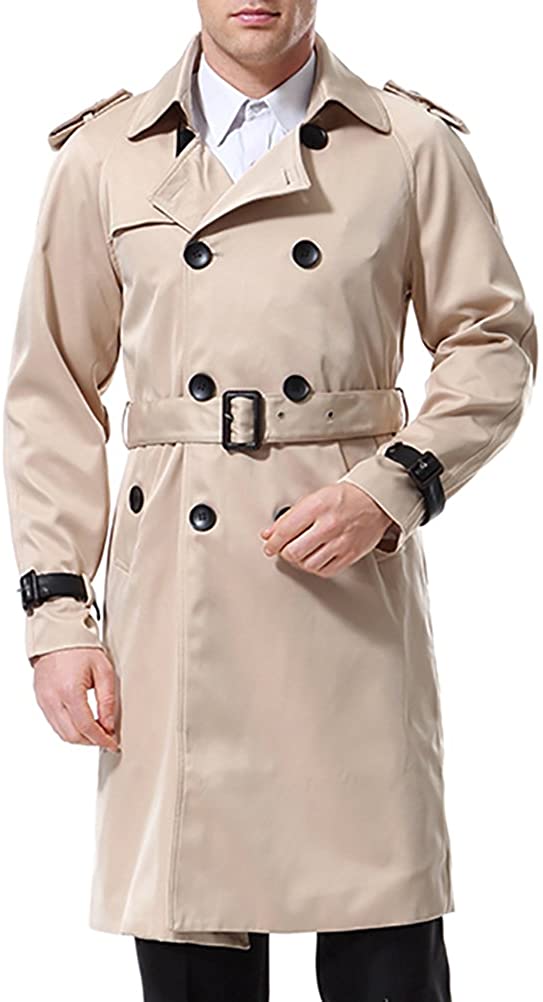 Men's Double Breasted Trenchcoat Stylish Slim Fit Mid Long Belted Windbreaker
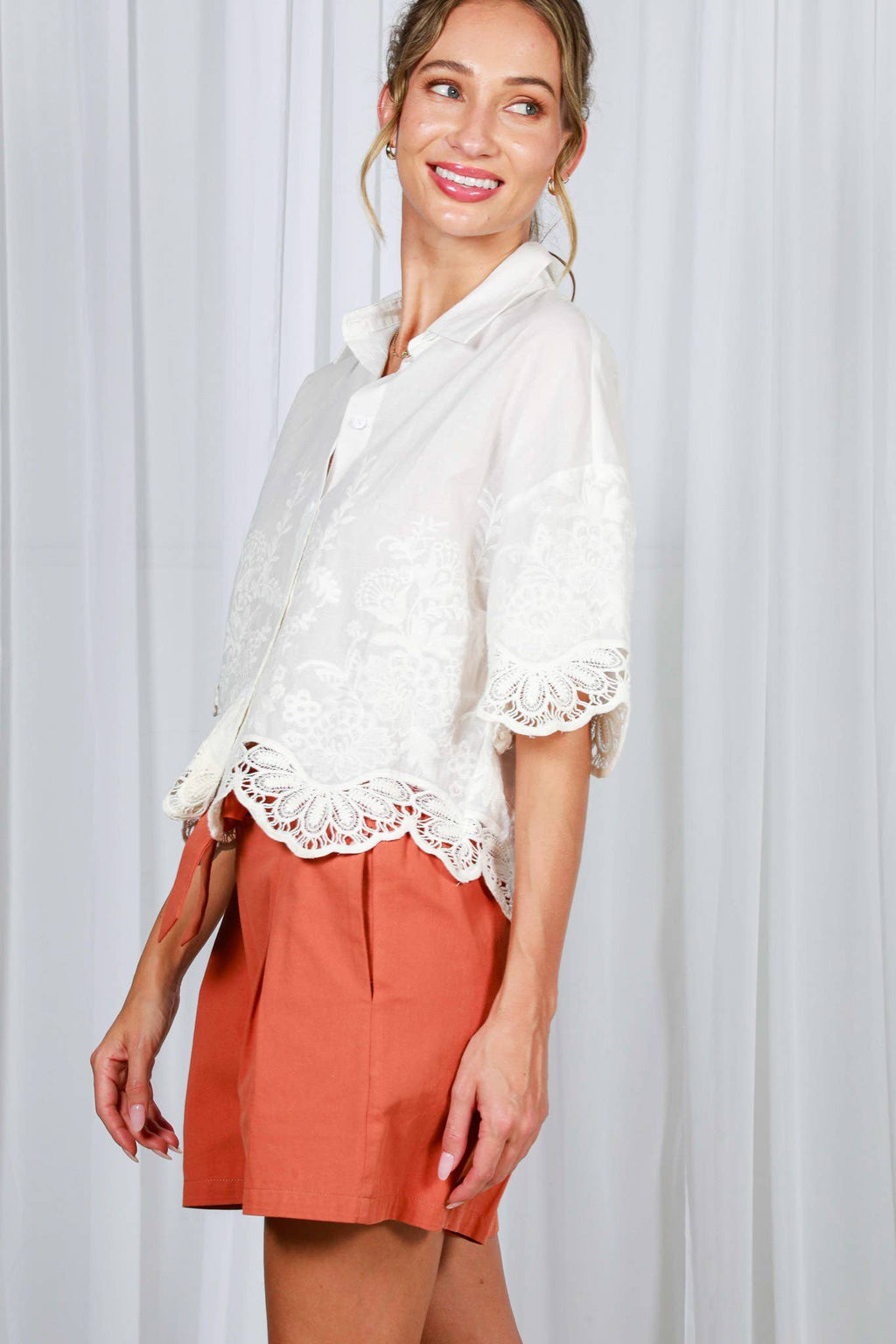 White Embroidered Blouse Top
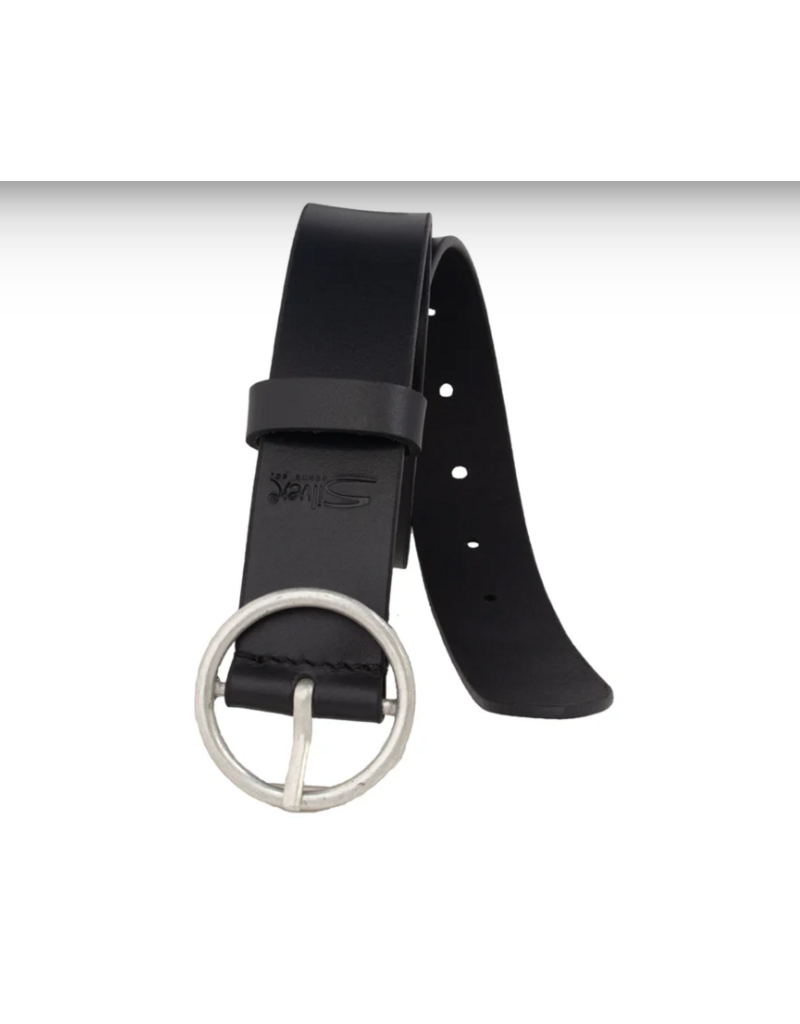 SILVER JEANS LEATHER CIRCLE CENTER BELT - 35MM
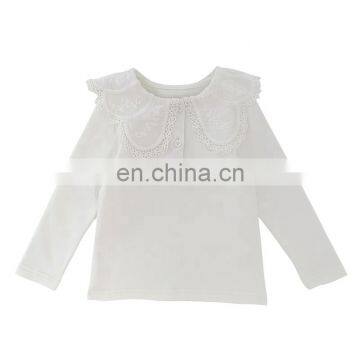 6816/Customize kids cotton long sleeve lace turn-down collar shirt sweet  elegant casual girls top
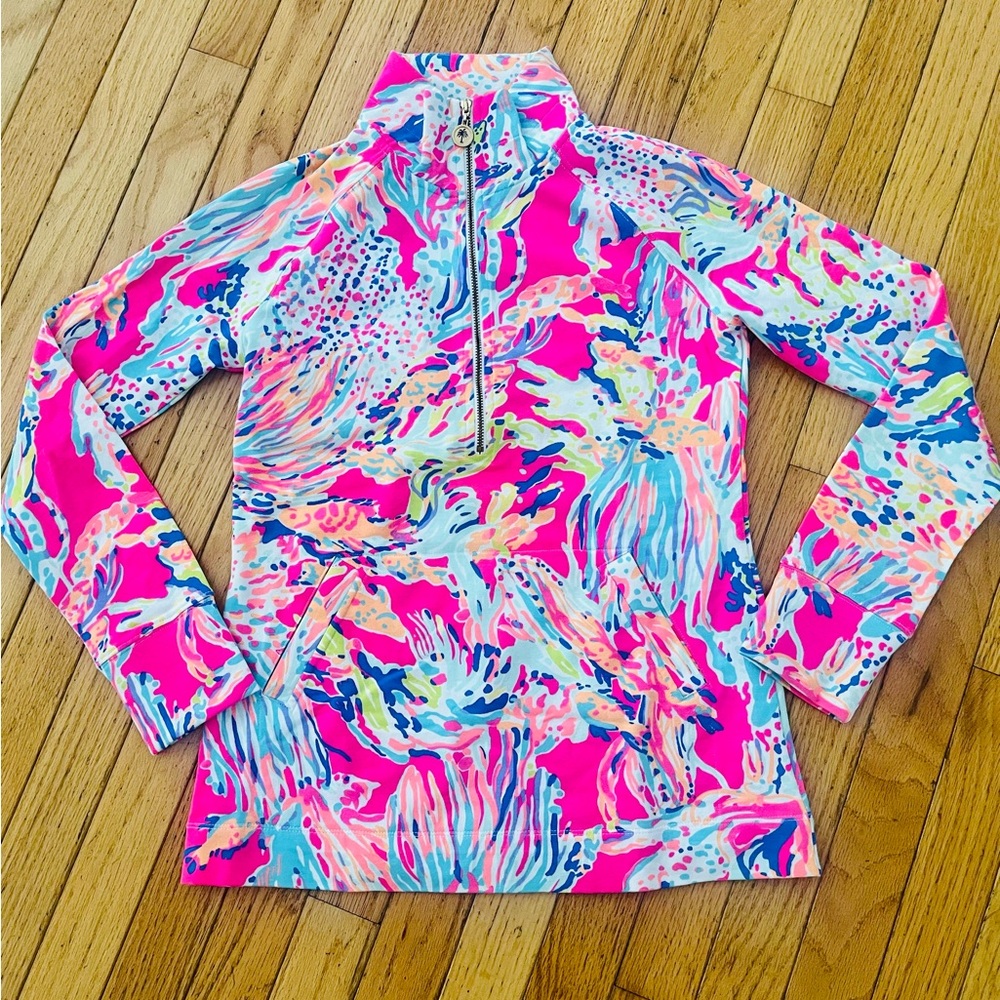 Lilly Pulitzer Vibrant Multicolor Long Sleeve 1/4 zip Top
...
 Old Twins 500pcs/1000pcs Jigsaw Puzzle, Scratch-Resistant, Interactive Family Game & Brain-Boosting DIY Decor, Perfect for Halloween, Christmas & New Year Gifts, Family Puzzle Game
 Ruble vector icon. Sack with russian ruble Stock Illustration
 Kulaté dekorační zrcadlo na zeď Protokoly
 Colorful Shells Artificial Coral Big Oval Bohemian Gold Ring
...
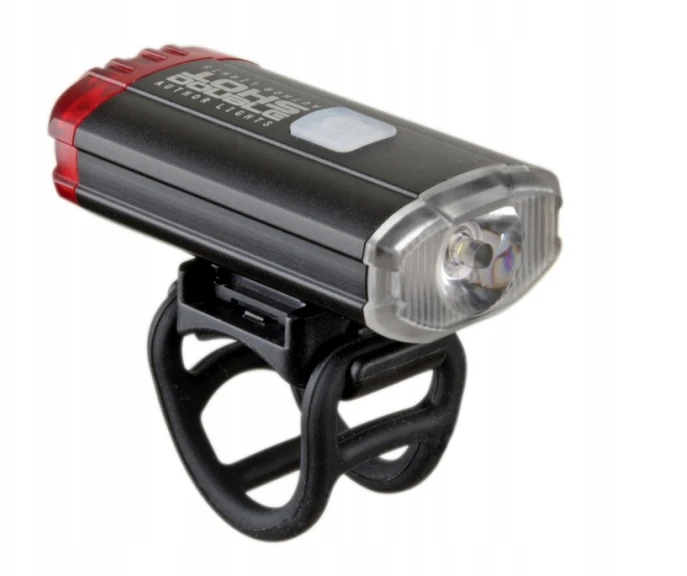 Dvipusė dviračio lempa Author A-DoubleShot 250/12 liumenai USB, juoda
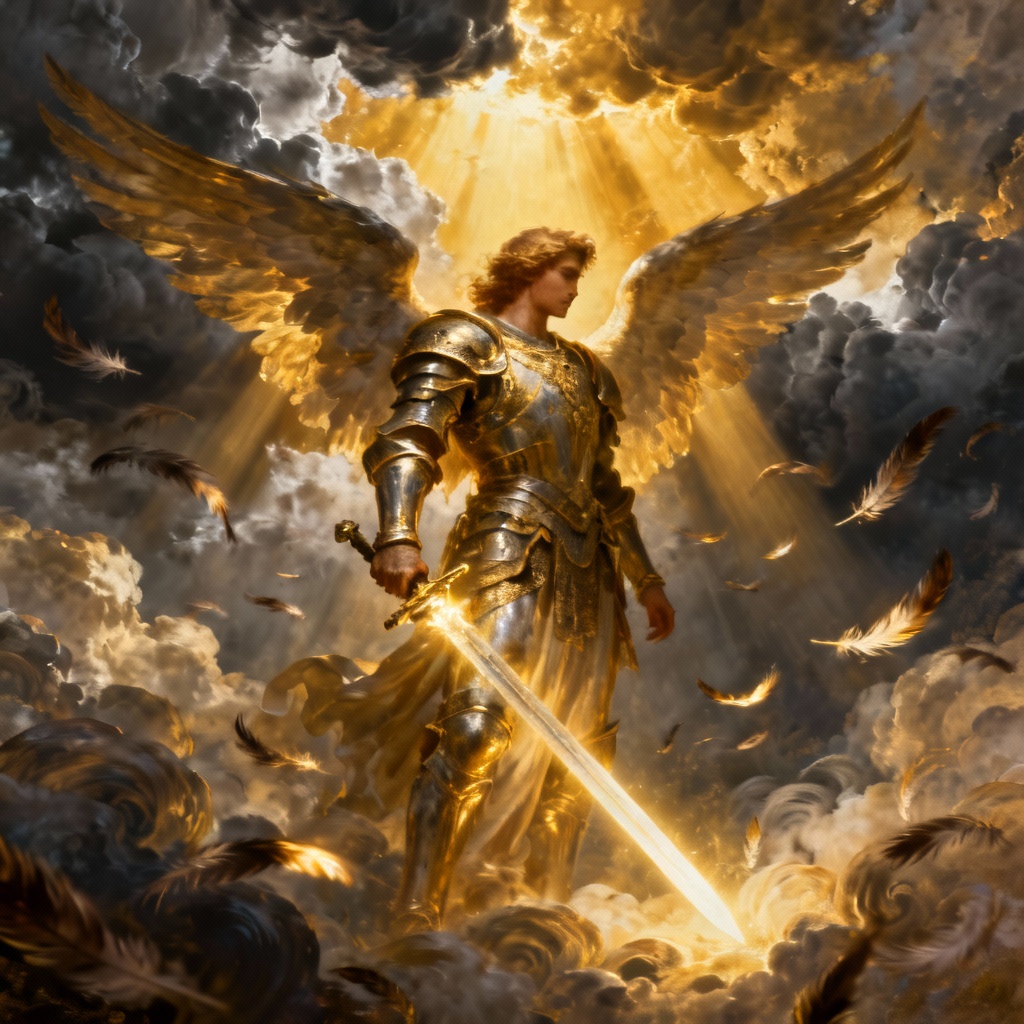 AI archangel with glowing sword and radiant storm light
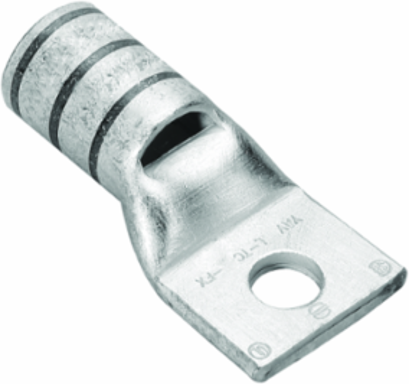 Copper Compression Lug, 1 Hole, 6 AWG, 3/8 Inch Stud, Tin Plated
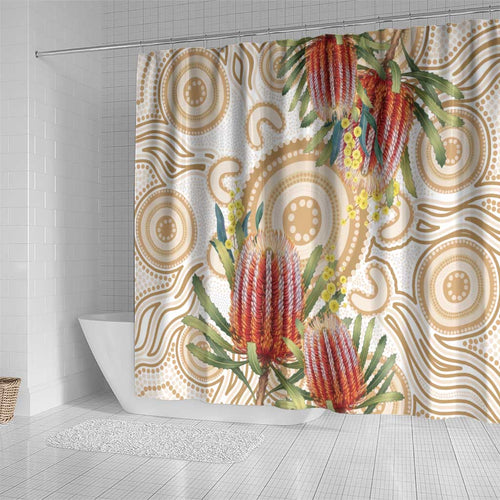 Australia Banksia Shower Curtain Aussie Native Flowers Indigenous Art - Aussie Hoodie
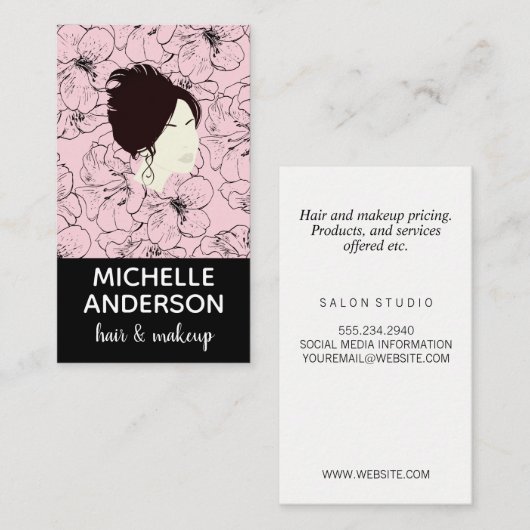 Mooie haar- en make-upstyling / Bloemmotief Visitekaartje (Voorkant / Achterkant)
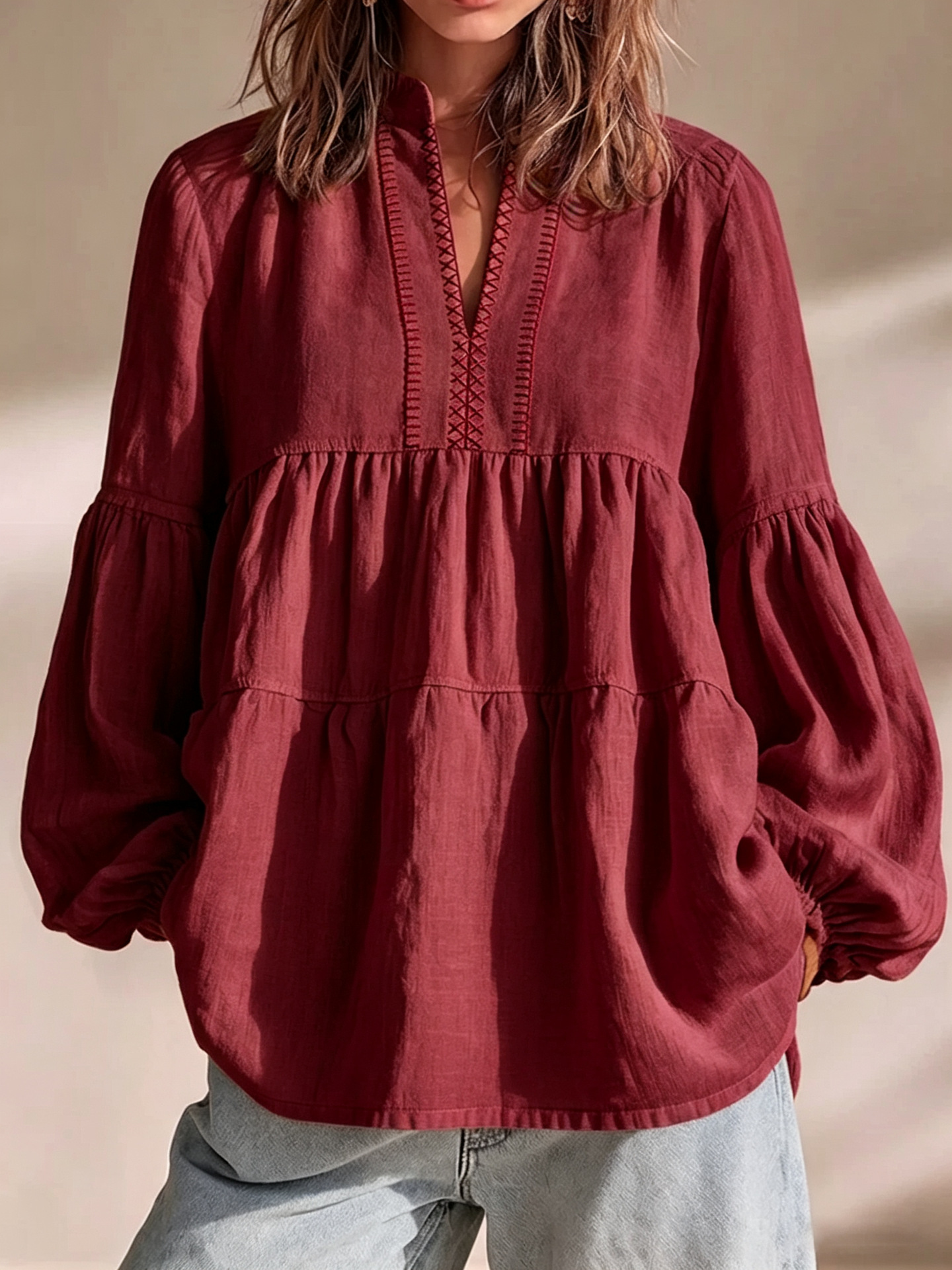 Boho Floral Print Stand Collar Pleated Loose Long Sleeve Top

> **Aim of the exercise**: Output exactly the lines above, from the line with "Men's Double Breasted" to the line with "Lilly Pulitzer Vibrant", both included; skip the pictures.

> **Your solution**:
 Men's Double Breasted Trenchcoat Stylish Slim Fit Mid Long Belted Windbreaker
 White Embroidered Blouse Top
 SILVER JEANS LEATHER CIRCLE CENTER BELT - 35MM
 6816/Customize kids cotton long sleeve lace turn-down collar shirt sweet  elegant casual girls top
 Lilly Pulitzer Vibrant Multicolor Long Sleeve 1/4 zip Top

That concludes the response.